Aujourd’hui se promener sur les voies dallées donne l’impression de traverser une ville frappée, non pas par l’éruption du Vésuve (celle de 79 apr. J.-C.), mais par un tremblement de terre : des dizaines et dizaines de mètres de travaux, partout des échafaudages, un gigantesque chantier en plein air. Cependant, ce n’est pas la terre qui a tremblé, mais plutôt les institutions italiennes qui, dans les dix dernières années et jusqu’au début du projet, ont conduit à faire de Pompéi ce symbole d’une Italie fatiguée, endettée jusqu’au cou et corrompue. Mais c’est en 2014, avec l’arrivée à la direction de la Surintendance de l’archéologue Massimo Osanna, que le vent a tourné et aussi que le Grand Projet Pompéi a pris son élan. Ce plan, qui se veut un modèle pour de futures initiatives européennes, s’articule autour de cinq lignes directrices : la connaissance du site, les travaux de restauration, la valorisation et la communication, la surveillance.
Le 23 décembre 2015, en présence du président du Conseil italien, six bâtiments célèbres ont été rouverts au public, après restauration : la fullonica de Stephanus et les maisons du cryptoportique, de Paquius Proculus, de l’éphèbe, de Fabius Amandius et des amants chastes. Cette première étape est un symbole fort pour les nombreux atouts du Grand projet Pompéi.
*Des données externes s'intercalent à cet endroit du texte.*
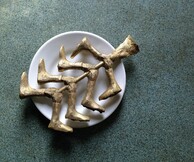 Hera Büyüktaşçıyan, Fishbone / Ψαροκόκαλο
Un plan ambitieux, doté d’importants moyens
Avec ce grand projet, la Surintendance de Pompéi dispose d’un budget extraordinaire de 105 millions d’euros (dont 78 millions venant des fonds régionaux européens et le reste du gouvernement italien), tandis que le budget ordinaire s’élève à environ 25 millions d’euros. Le cœur du Grand Projet Pompéi est le plan de restauration. Son but premier est d’arrêter les effondrements de maisons et de sécuriser la partie fouillée (44 hectares) qui, comme toute la zone restant à explorer (environ 22 hectares), présente également un risque hydrogéologique élevé et nécessite de canaliser les eaux de pluie. Environ 80 millions du budget total sont destinés à ces mesures de sécurité et à la restauration des domus les plus endommagées. À présent, l’objectif a été atteint à 50 % et la Surintendance compte achever cette phase en 2017.
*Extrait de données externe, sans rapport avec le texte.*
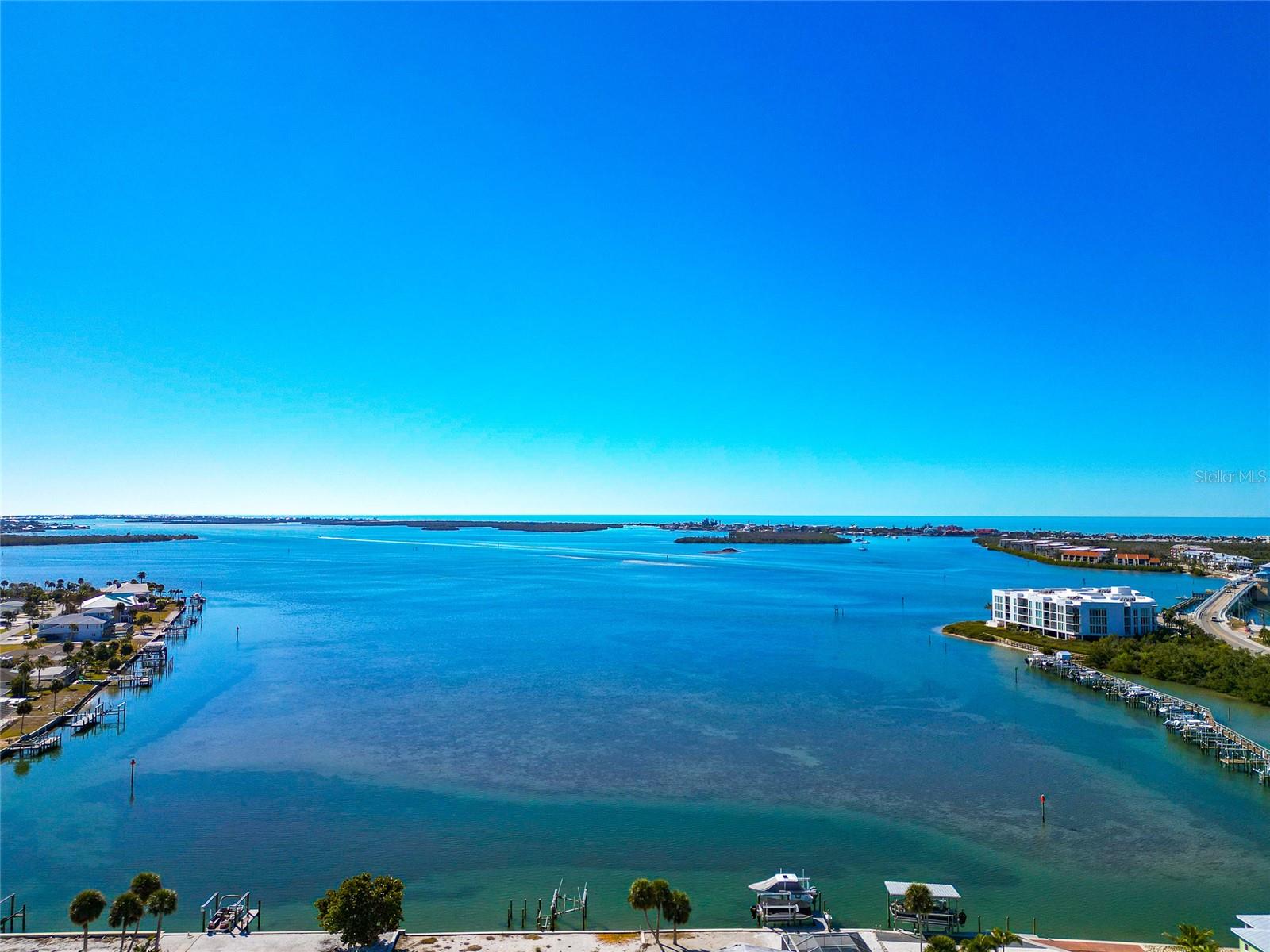 Image 70 of 84 For 950 Oxford Drive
Le plan de restauration risquerait toutefois de n’être qu’une solution temporaire si le Grand Projet Pompéi ne comptait aussi un plan scientifique de numérisation : « Grâce à l’énorme archive digitale qu’on a créée, explique Massimo Osanna, tout est fiché et documenté avec des technologies très modernes : photos orthorectifiées, scanner laser, un nouveau plan à l’échelle 1/50e. Cela nous permettra de réaliser l’entretien ordinaire du site, sans qu’à l’avenir, il n’y ait besoin d’un nouveau Grand Projet Pompéi. »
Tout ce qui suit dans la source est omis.